In a revealing case of nation-state cyber espionage, a Chinese government-backed hacking group known as “Salt Typhoon” successfully infiltrated the network of a U.S. state’s Army National Guard, maintaining unauthorized access for several months in 2024.
Salt Typhoon is linked to China’s Ministry of State Security (MSS) and has been identified in several high-impact cyber intrusions aimed at government institutions and key industries. This particular operation against the National Guard allowed the attackers to monitor internal communications, extract detailed mapping data, and gain visibility into the Guard’s connections with its counterparts across the United States and in at least four U.S. territories.

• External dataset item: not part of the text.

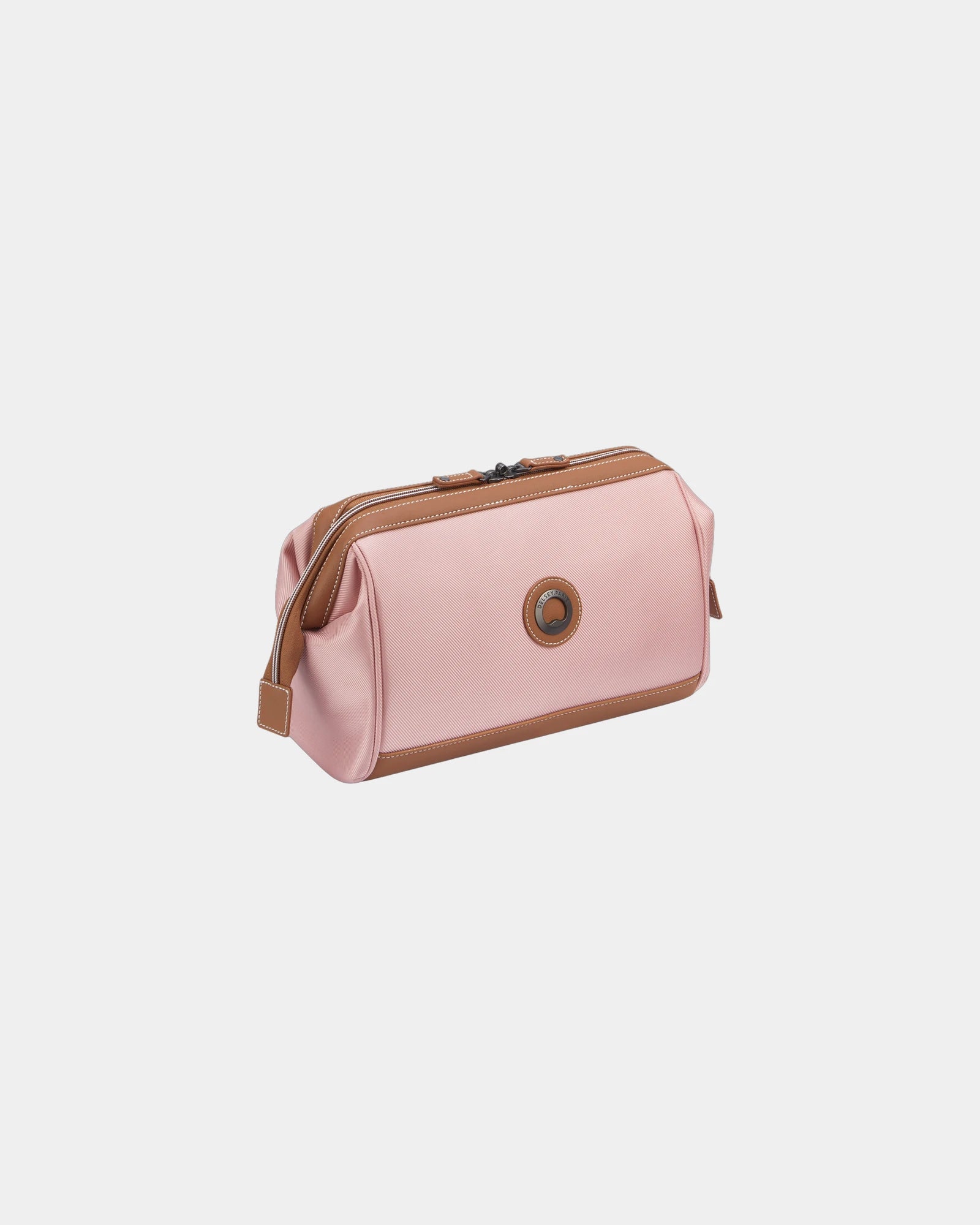 Toilettas gerecycled polyester Delsey om te personaliseren - 11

According to a Homeland Security memo obtained by a transparency group, the attackers appeared to be conducting deep reconnaissance. U.S. officials believe the effort was not just aimed at gathering intelligence, but potentially at preparing the groundwork for more disruptive operations. Authorities suggest the goal may have been to enable the Chinese government to disable or manipulate critical infrastructure in the event of heightened geopolitical tensions or open conflict.

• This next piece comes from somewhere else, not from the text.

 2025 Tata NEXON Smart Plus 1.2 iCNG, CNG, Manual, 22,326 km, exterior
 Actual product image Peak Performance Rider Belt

The breach is especially concerning due to the National Guard’s integration with state-level fusion centers — hubs that coordinate threat information sharing between the federal government and local agencies. These connections are essential for a timely response to emergencies, cyber crises, and national security threats. Compromising even one of these nodes could have downstream effects on national resilience and inter-agency coordination.

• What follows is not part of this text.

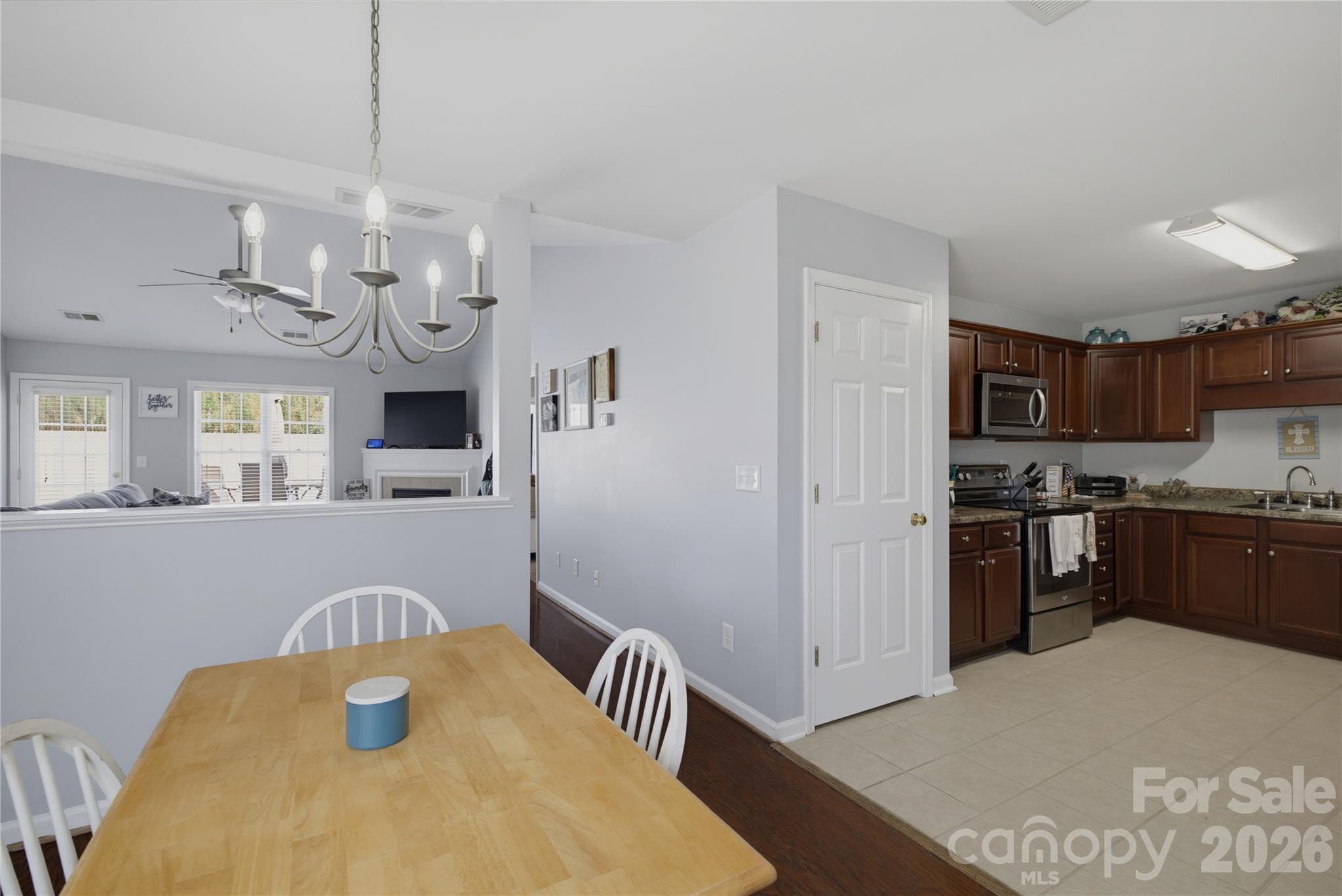 1306 Bayswater Drive — High Point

Although the Department of Defense and the National Guard Bureau have confirmed the intrusion, they have declined to identify the specific state affected or elaborate on the full scope of the attack. Sources indicate that while no mission-critical operations were compromised, sensitive military and law enforcement data were likely exposed.
Cybersecurity officials in Washington have placed Salt Typhoon among their top national security concerns. They point to a broader pattern in which state-sponsored groups, including those from China, Russia, Iran, and North Korea, are refining their tactics and frequently blending with criminal networks to obscure attribution. These operations are characterized by their persistence and stealth, often employing custom spyware, zero-day vulnerabilities, and long-term access strategies.
In response to mounting threats, federal agencies are urging stronger cybersecurity measures at both state and national levels. Enhanced detection capabilities, better information sharing, and increased investment in cyber defense resources have become key priorities. With adversaries now capable of silently preparing for future conflict through cyber means, the U.S. is shifting its focus from purely reactive strategies to proactive defense and resilience.